* Task directions
In the entries that follow, find the line containing "Cute Cartoon Bottle" and the line containing "13 fotografías del", then copy exactly everything from the first through the second except the pictures.

* Supplied information
####
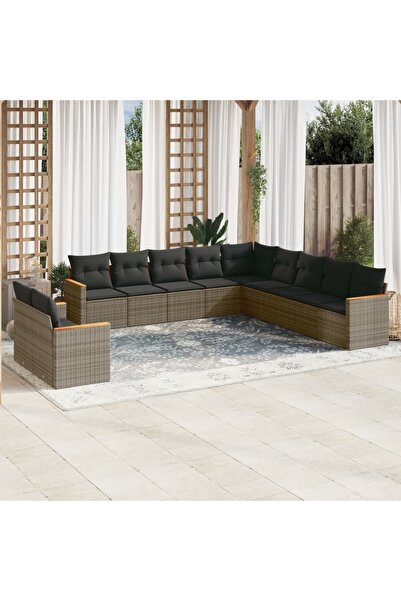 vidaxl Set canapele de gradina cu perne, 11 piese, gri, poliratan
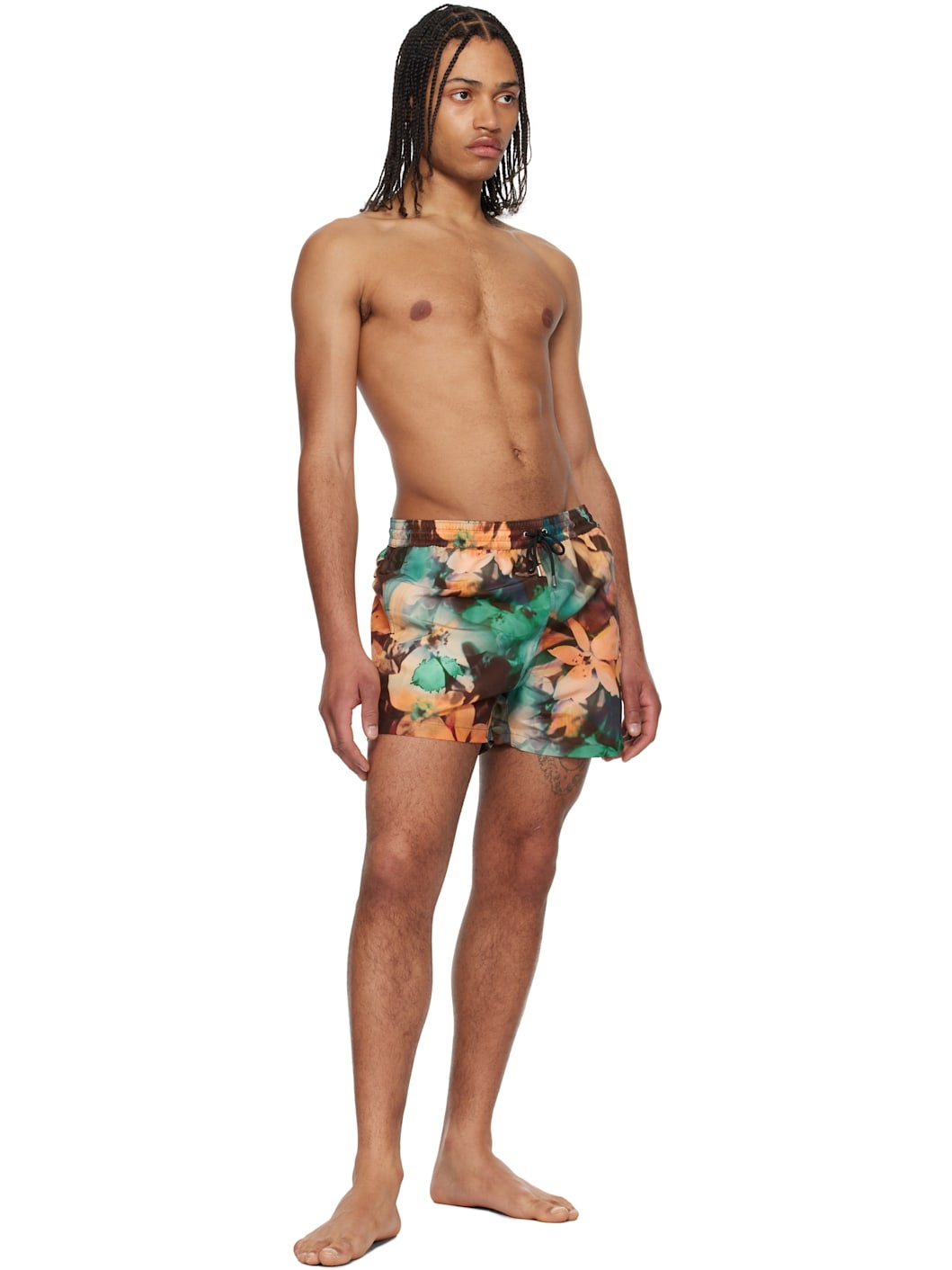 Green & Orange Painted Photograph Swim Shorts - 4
####
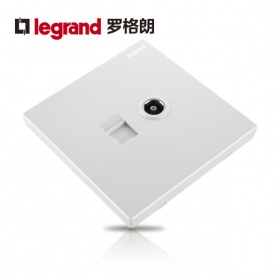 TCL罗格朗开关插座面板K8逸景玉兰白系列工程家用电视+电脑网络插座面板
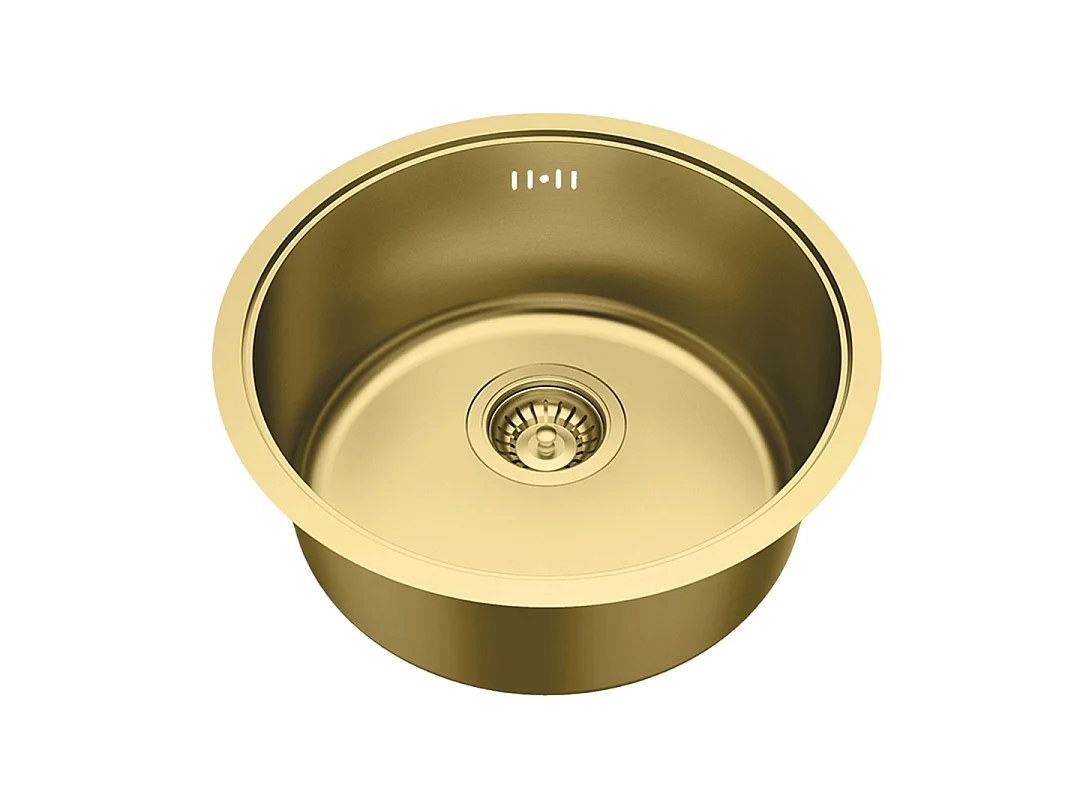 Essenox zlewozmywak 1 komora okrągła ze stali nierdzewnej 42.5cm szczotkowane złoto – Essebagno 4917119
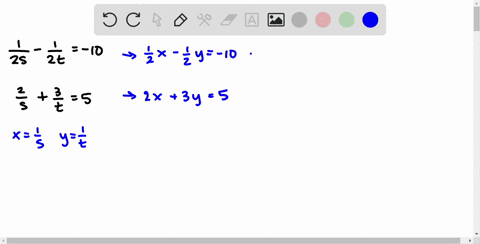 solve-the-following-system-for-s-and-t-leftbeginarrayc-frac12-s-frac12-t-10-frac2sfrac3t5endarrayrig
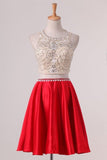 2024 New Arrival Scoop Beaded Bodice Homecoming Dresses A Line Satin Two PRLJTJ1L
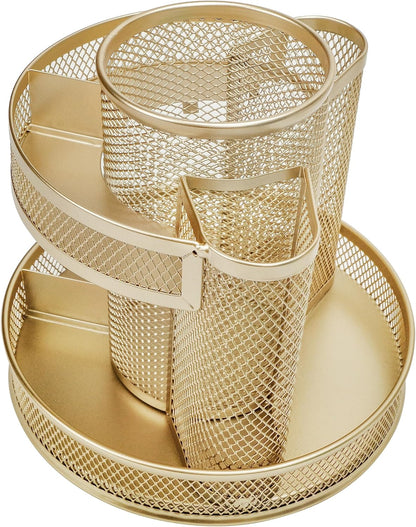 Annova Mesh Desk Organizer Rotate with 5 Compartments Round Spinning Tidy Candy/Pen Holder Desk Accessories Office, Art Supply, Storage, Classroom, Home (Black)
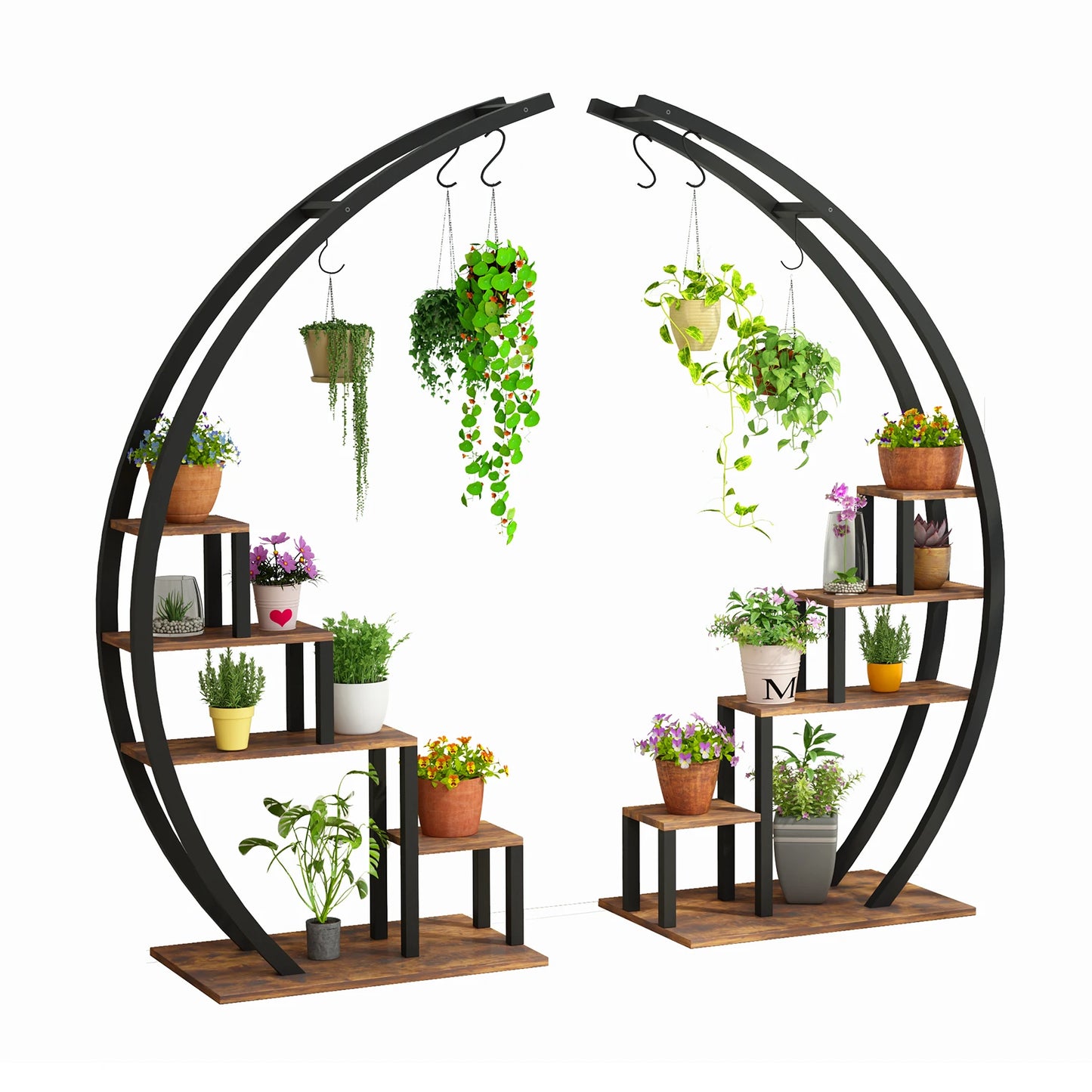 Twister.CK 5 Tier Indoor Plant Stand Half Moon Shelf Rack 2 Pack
####
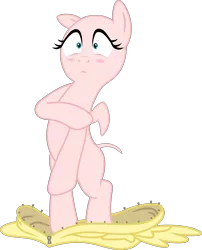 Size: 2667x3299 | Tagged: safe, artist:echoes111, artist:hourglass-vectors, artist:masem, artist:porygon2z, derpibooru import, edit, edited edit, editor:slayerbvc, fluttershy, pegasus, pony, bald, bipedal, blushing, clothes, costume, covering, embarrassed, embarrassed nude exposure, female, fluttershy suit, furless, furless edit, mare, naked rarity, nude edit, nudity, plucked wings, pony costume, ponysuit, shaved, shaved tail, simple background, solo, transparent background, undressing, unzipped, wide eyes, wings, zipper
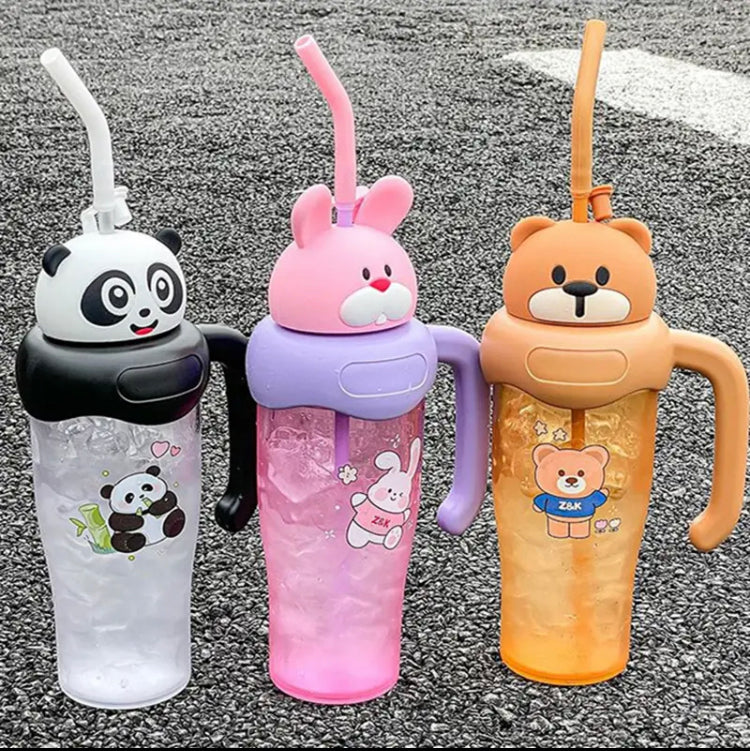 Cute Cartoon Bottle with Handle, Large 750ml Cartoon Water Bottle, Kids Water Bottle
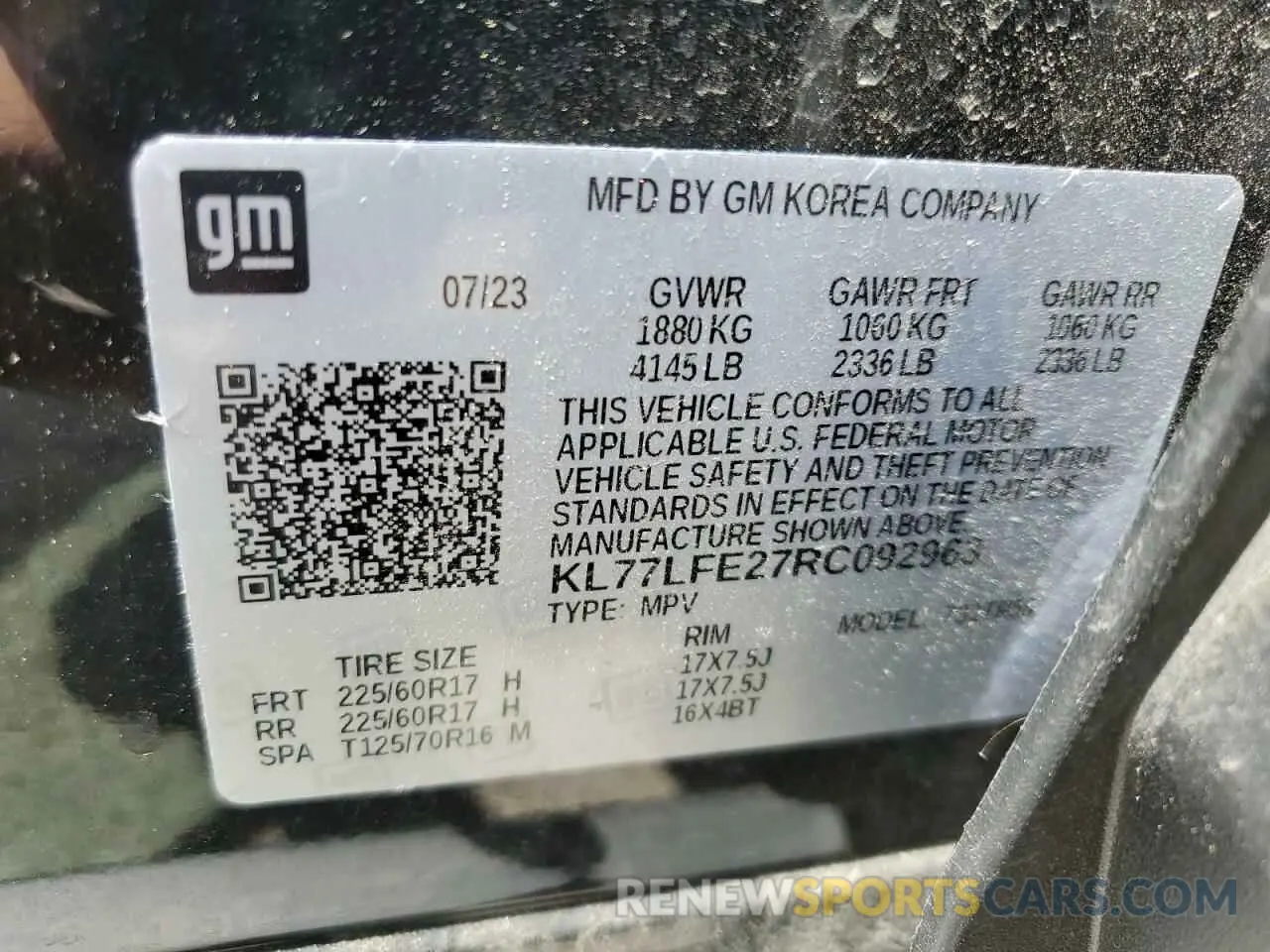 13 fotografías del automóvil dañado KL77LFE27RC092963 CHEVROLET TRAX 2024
####
* Completed task
 Cute Cartoon Bottle with Handle, Large 750ml Cartoon Water Bottle, Kids Water Bottle
 13 fotografías del automóvil dañado KL77LFE27RC092963 CHEVROLET TRAX 2024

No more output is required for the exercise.